PROBLEM TO WORK ON: Output the records below in full, word for word; pictures do not belong in it.

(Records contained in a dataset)
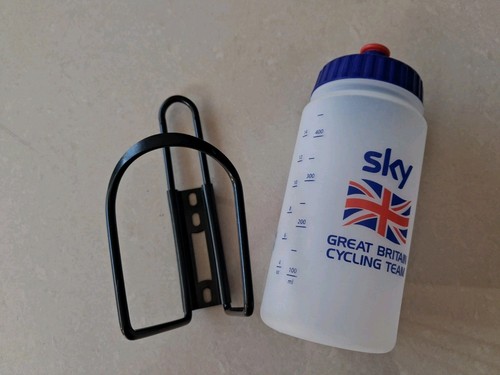 Black alloy cage sky team - cage, +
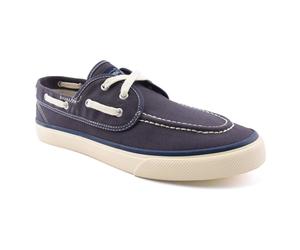 Sperry Klassische Seemate Baumwoll Bootsschuhe für Herren in Marineblau EU 40,5 / UK 7
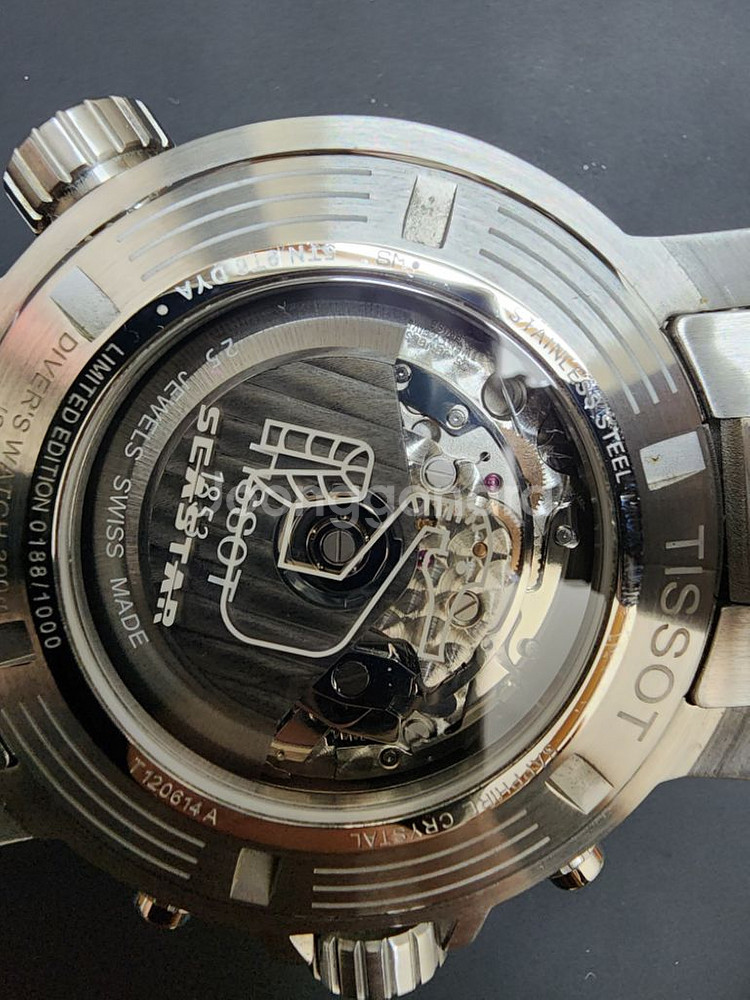 티쏘 씨스타1000프로페셔널 리미티드에디션 한정판--7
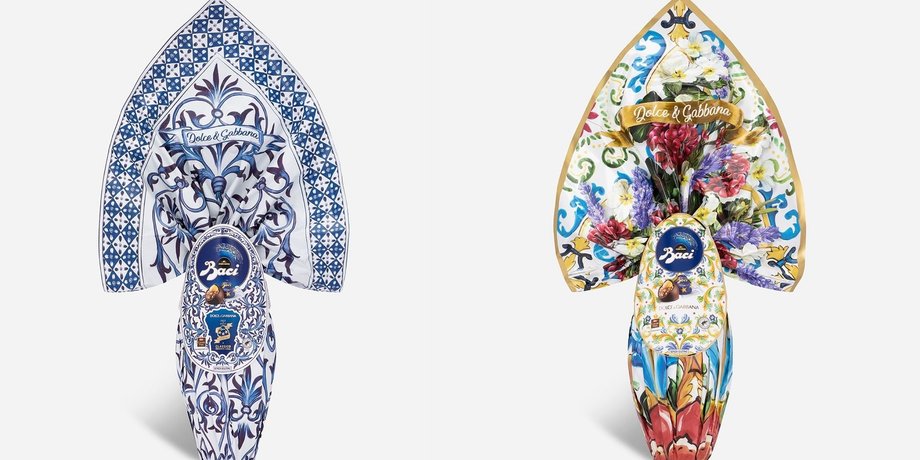 дольче габбана, Dolce&Gabbana, русский стиль, скандал, война в украине, пасха, пасхальное яйцо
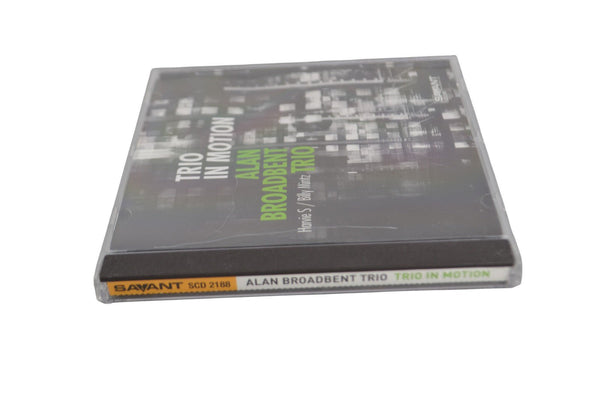 Alan Broadbent Trio - Trio in Motion CD Jazz Piano Trio [Used Very Good] - Chorlton Analogue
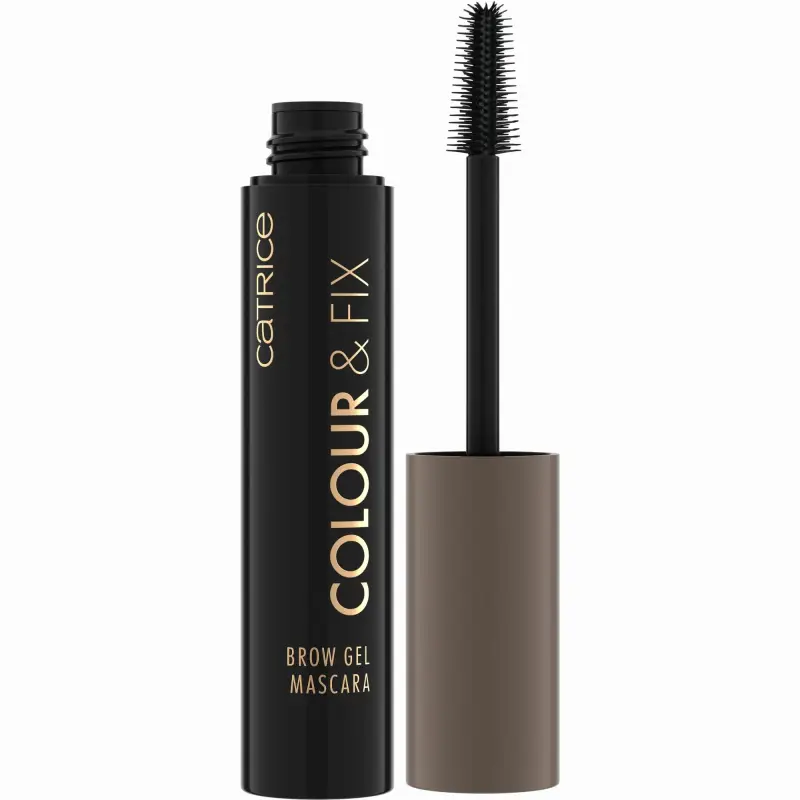 Occhi Colour & Fix Gel Mascara Sopracciglia 030-Dark Brown - Gel e mascara Sopracciglia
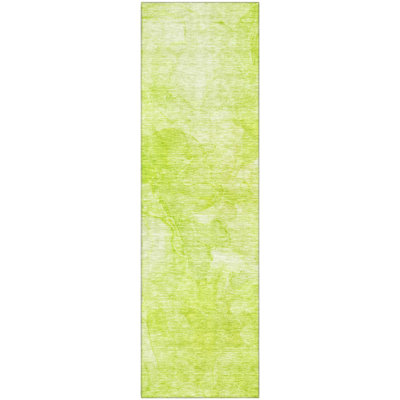 Premium Machine Washable Prisco Aloe Rug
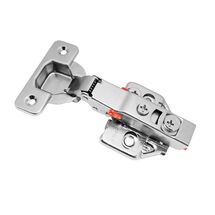 Петля LinkenSystem E.Motion PLUS A Soft Close с доводчиком накладная 3D, Вид петли: Накладная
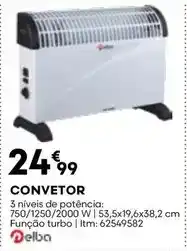 Bricomarché Delba - convetor promoção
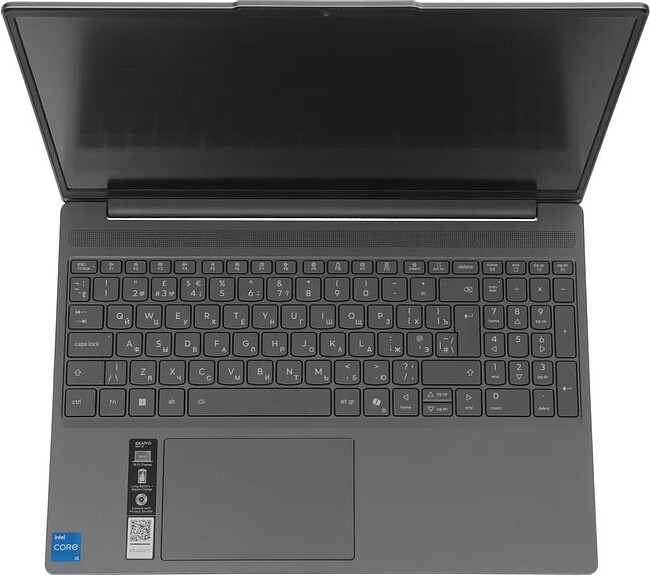 Ноутбук Lenovo IdeaPad Slim 3 15IRH10 Luna Grey (83K100VEIN)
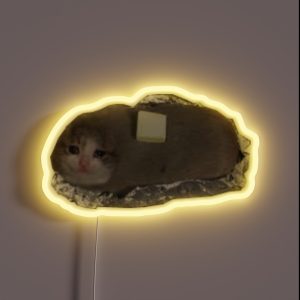Cat Potato RGB Neon Sign Cat Potato RGB Neon Sign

ANSWER TO THIS EXERCISE:
 Black alloy cage sky team - cage, +
 Sperry Klassische Seemate Baumwoll Bootsschuhe für Herren in Marineblau EU 40,5 / UK 7
 티쏘 씨스타1000프로페셔널 리미티드에디션 한정판--7
 дольче габбана, Dolce&Gabbana, русский стиль, скандал, война в украине, пасха, пасхальное яйцо
 Alan Broadbent Trio - Trio in Motion CD Jazz Piano Trio [Used Very Good] - Chorlton Analogue
 Occhi Colour & Fix Gel Mascara Sopracciglia 030-Dark Brown - Gel e mascara Sopracciglia
 Premium Machine Washable Prisco Aloe Rug
 Петля LinkenSystem E.Motion PLUS A Soft Close с доводчиком накладная 3D, Вид петли: Накладная
 Bricomarché Delba - convetor promoção
 Ноутбук Lenovo IdeaPad Slim 3 15IRH10 Luna Grey (83K100VEIN)
Cat Potato RGB Neon Sign Cat Potato RGB Neon Sign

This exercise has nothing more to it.